- Genre: Variety-talk show
- Written by: Ayana Reece; Norm Vance, Jr.; Lee Harris;
- Directed by: Monte Johnson; Tony McCuin;
- Creative director: Bart Phillips
- Presented by: Donnie Simpson
- Theme music composer: Buckhead Beats; Dennis Allen;
- Country of origin: United States
- Original language: English
- No. of seasons: 2
- No. of episodes: 6

Production
- Executive producers: Bart Phillips; Donnie Simpson; Eric Tomosunas;
- Camera setup: Multi-camera
- Running time: 60 minutes
- Production company: Donnie Simpson Productions

Original release
- Network: TV One
- Release: February 5 – December 18, 2016

= Donnie After Dark =

Donnie After Dark is an American television late-night talk show hosted by Donnie Simpson, which premiered on TV One on February 5, 2016, and airs on Sunday's at 11:00 p.m. EST.

==Overview==
===Season 1===
The first Season of Donnie After Dark included two episodes which were taped at the Xen Lounge in Los Angeles, California. In addition to Donnie Simpson as the host, the regular cast included co-host DJ Traci Steele (of Love & Hip Hop: Atlanta), along with the show's official house band—the all-girl Atlanta-based group "The GGs Band".

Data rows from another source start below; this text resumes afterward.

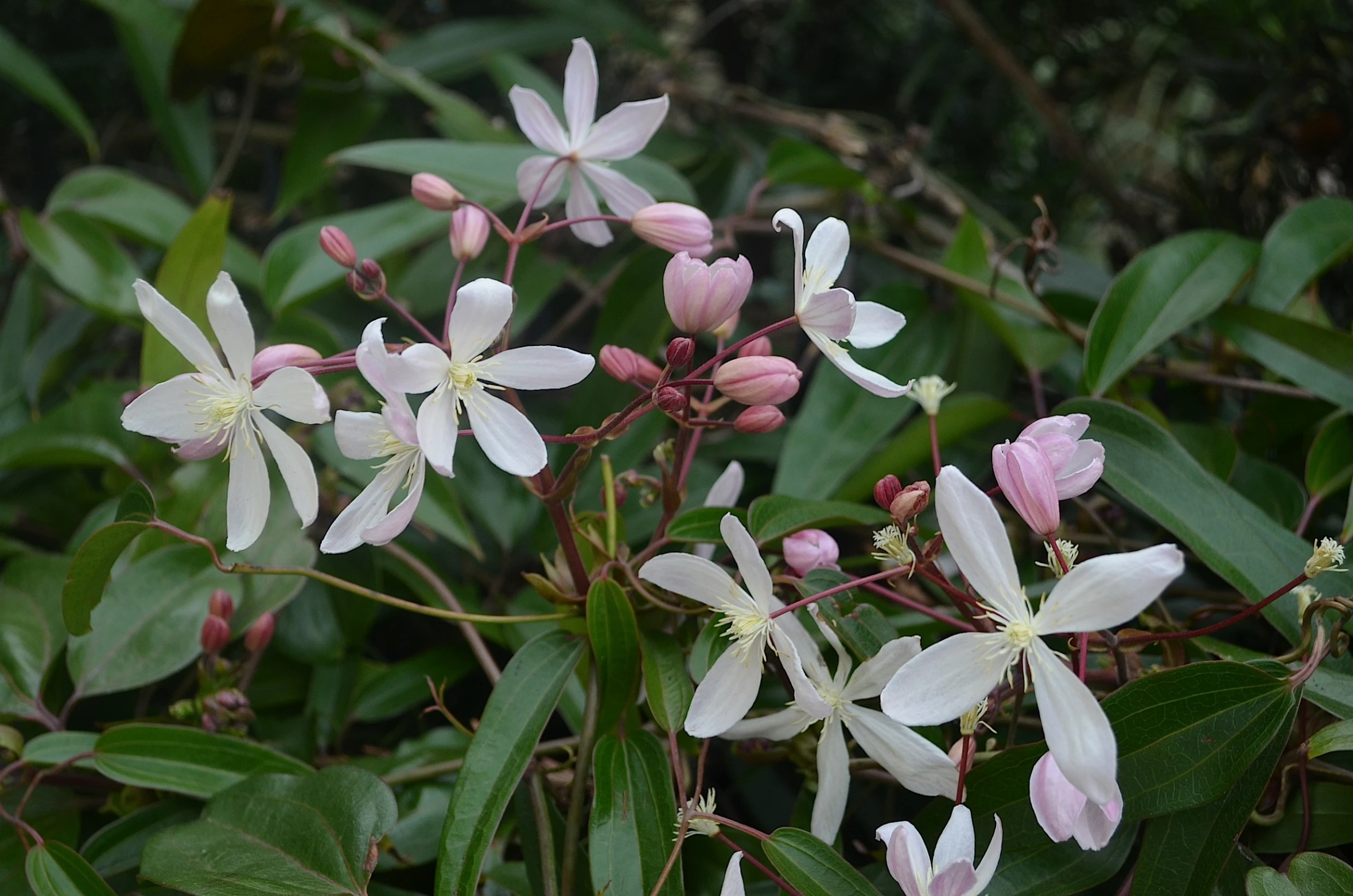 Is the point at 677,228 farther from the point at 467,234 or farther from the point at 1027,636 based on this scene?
the point at 1027,636

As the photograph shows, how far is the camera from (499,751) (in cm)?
38

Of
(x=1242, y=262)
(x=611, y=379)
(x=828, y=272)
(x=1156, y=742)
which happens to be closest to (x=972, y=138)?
(x=1242, y=262)

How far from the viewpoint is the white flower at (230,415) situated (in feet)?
1.20

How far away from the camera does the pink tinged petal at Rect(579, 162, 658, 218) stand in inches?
19.2

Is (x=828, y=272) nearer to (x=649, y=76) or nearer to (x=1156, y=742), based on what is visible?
(x=1156, y=742)

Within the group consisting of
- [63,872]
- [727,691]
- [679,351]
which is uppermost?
[679,351]

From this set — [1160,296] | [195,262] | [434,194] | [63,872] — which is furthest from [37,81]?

The show's debut episode aired on February 5, 2016 on TV One with guest appearances by Jimmy Jam, Terry Lewis, Jazmine Sullivan, Lalah Hathaway, Kirk Franklin, and Tasha Smith. The second episode aired on June 1, 2016 with guest appearances by Kenny Lattimore, Tisha Campbell, Duane Martin, Danielle Nicolet, and Brandon T. Jackson. Donnie Simpson and Majic 102.3 held a viewing party of the second episode on June 1, 2016 at the SoBe Restaurant & Lounge in Lanham, Maryland.

===Season 2===
The second season of Donnie After Dark was taped in Atlanta, Georgia with a live-studio audience in attendance, and included a total of 4 episodes. DJ Traci Steele returned as the co-host and social media expert, along with The GGs Band as the official house band.

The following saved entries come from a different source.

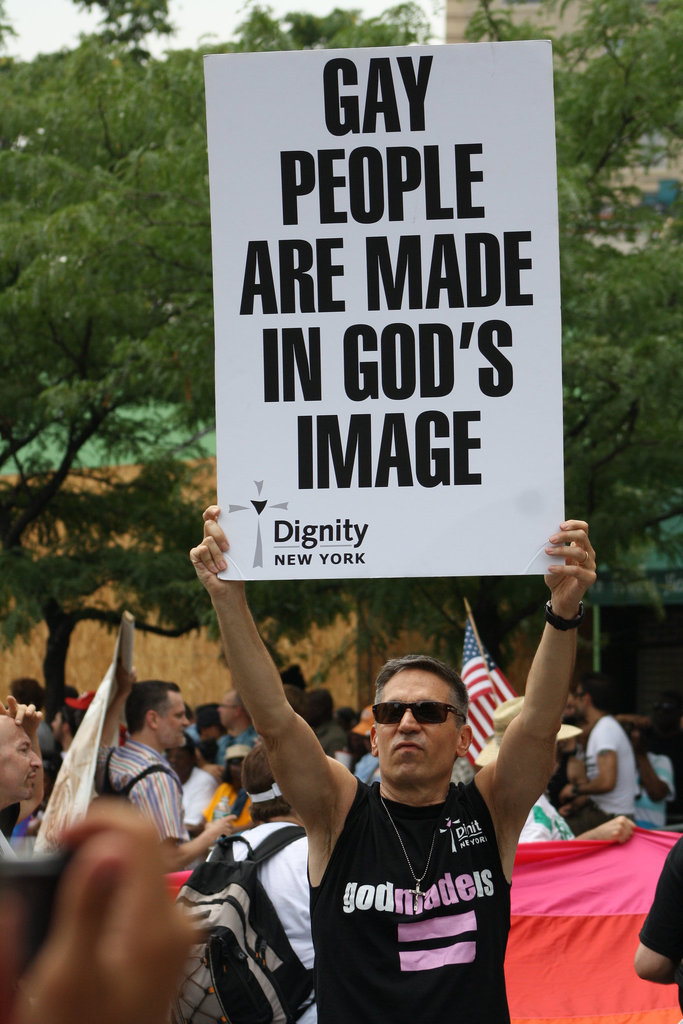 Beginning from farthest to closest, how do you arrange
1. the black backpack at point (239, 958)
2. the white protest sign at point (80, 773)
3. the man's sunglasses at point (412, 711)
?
the white protest sign at point (80, 773), the black backpack at point (239, 958), the man's sunglasses at point (412, 711)

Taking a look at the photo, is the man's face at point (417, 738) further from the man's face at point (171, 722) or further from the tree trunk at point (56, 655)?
the tree trunk at point (56, 655)

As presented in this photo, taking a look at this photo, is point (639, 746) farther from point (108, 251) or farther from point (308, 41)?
point (308, 41)

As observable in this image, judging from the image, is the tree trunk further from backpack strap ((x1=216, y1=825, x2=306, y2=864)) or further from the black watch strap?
the black watch strap

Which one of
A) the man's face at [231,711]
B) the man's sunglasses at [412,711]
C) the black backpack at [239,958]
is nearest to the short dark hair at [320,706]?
the man's face at [231,711]

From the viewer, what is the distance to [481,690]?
7.35 m

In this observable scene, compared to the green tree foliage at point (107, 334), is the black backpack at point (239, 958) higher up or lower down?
lower down

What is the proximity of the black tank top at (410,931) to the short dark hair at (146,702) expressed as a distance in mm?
3299

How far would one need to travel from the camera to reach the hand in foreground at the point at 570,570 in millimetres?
3002

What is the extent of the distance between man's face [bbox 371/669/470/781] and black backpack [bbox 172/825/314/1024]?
850mm

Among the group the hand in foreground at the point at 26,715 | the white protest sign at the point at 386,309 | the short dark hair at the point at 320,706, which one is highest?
the white protest sign at the point at 386,309

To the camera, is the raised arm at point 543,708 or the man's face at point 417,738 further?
the man's face at point 417,738

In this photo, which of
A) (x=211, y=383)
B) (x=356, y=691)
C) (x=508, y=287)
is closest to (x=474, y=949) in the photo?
(x=508, y=287)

Season 2 premiered on November 24, 2016, and included guest appearances by Angela Robinson, Pooch Hall, D.C. Young Fly, and a musical performance by Ro James. The guest list for the remaining episodes included: David Banner, Jamilah Lemieux, V. Bozeman, Jermaine Dupri, LisaRaye McCoy, Erica Ash, R&B group 112, Deontay Wilder, Naturi Naughton, comedian Tony Roberts, and Musiq Soulchild.